Dengan menggunakan data dari setidaknya dua sumber independen, para peneliti mencari individu yang muncul di beberapa daftar. Semakin sedikit tumpang tindih antara daftar, semakin tinggi kemungkinan kematian tidak tercatat.
Dalam kasus ini, para peneliti menyusun tiga daftar korban tewas. Satu daftar didasarkan pada survei publik yang disebarkan melalui platform media sosial antara November 2023 dan Juni 2024. Yang kedua menggunakan aktivis komunitas dan "duta studi" lainnya untuk mendistribusikan survei secara pribadi dalam jaringan mereka.
Dan yang ketiga dihimpun dari berita kematian yang diunggah di media sosial, praktik umum di tiga kota yakni Ibu Kota Khartoum, Kota Omdurman, dan Kota Bahri.
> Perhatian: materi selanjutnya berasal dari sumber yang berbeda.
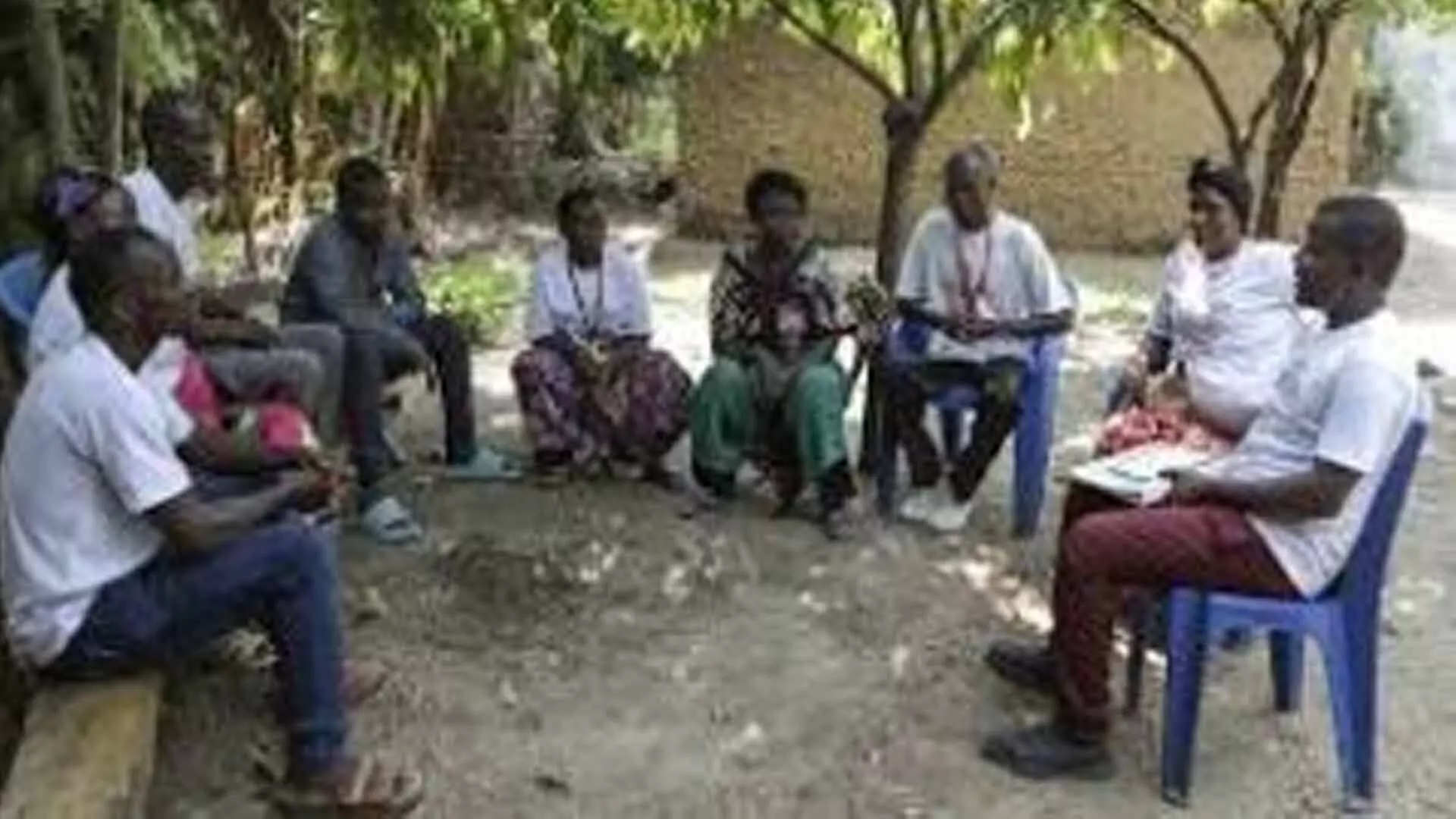 Ugandan का समूह घरेलू हिंसा से निपटने के लिए प्रतिज्ञाएँ लेकर आया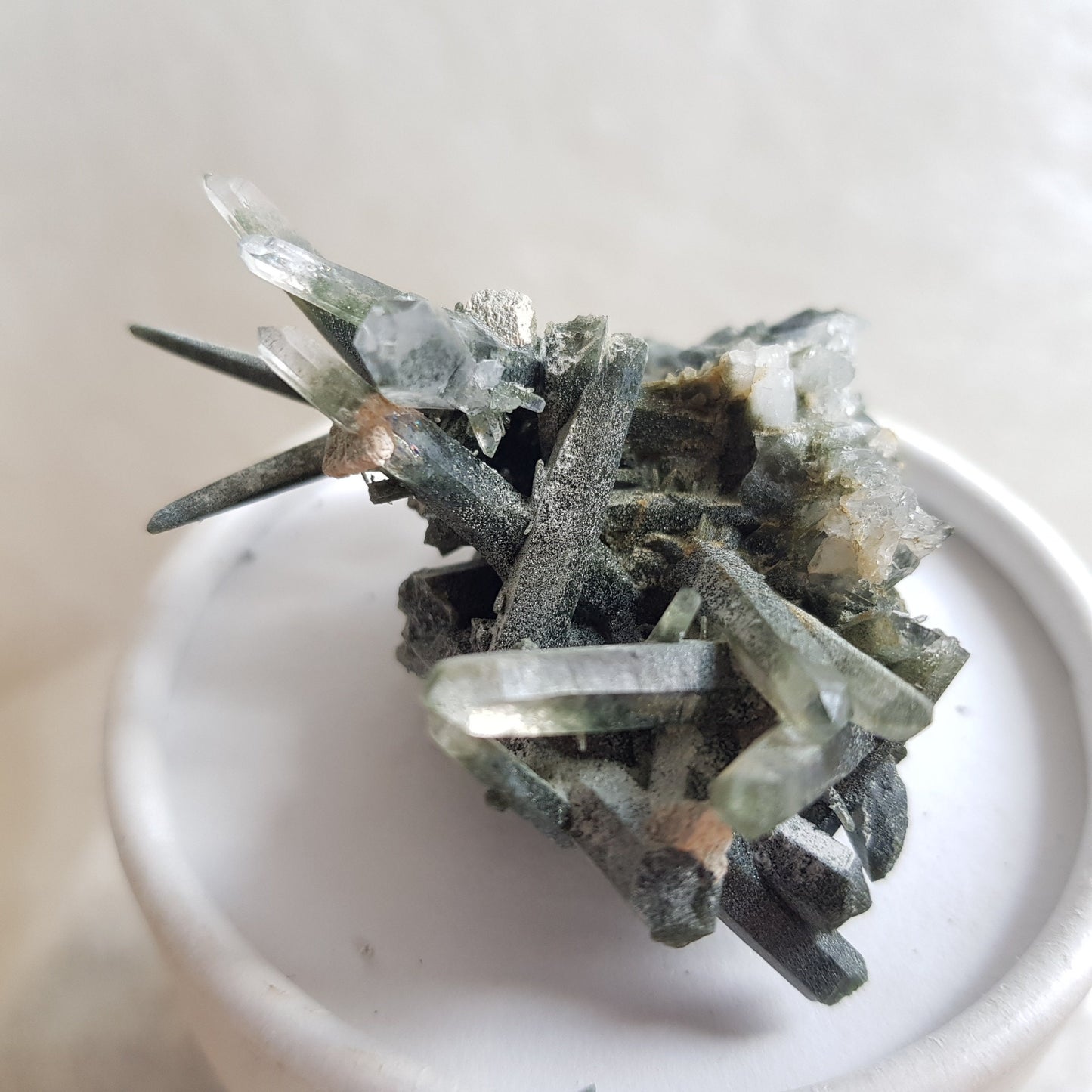 Chlorite Quartz Crystal Cluster from Ganesh Himal, Nepal. Himalayan Green Phantom Quartz. 36gram. Very Rare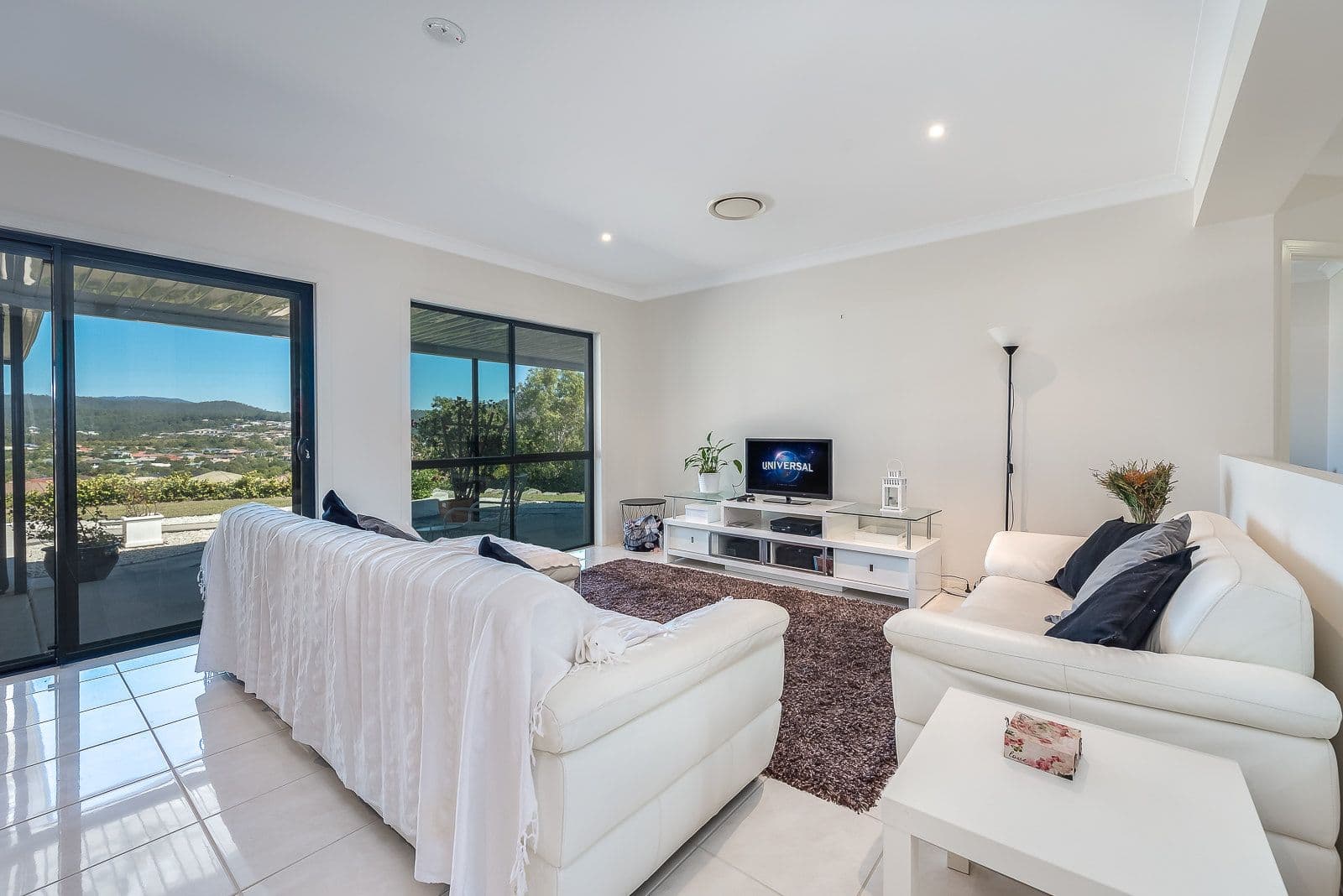 88 Salvado Drive, Pacific Pines QLD 4211, Pacific Pines - Thumbnail 6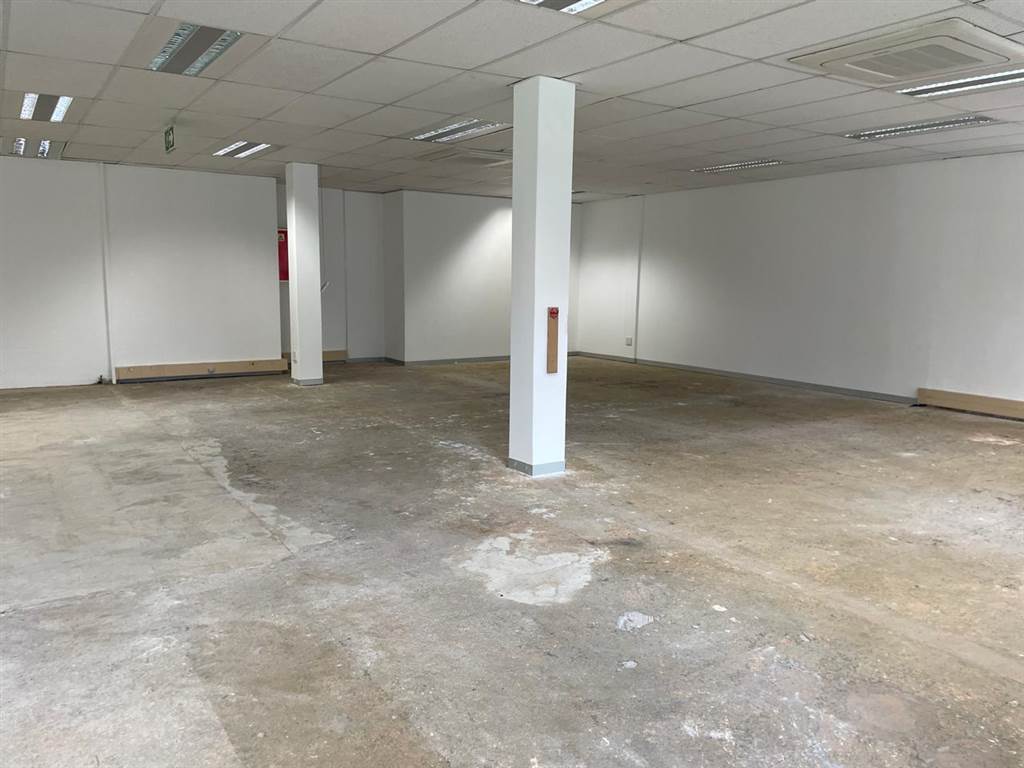 282  m² Office Space in Epsom Downs photo number 3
Ketiganya diketahui bersama-sama membentuk ibu kota yang lebih besar.
"Temuan kami menunjukkan bahwa kematian sebagian besar tidak terdeteksi," tulis para peneliti.
"Kematian yang tercatat dalam tiga daftar tersebut hanya mencakup 5% dari total perkiraan untuk negara bagian Khartoum dan 7% dari yang disebabkan oleh cedera yang disengaja. Temuan tersebut menunjukkan bahwa wilayah lain yang terkena dampak perang di negara tersebut dapat mengalami jumlah korban yang sama atau lebih buruk," jelasnya.
Angka ini sendiri jauh berada di atas perkiraan PBB. Namun, pejabat di Sudanese American Physicians Association, mengatakan bahwa temuan tersebut tampak kredibel.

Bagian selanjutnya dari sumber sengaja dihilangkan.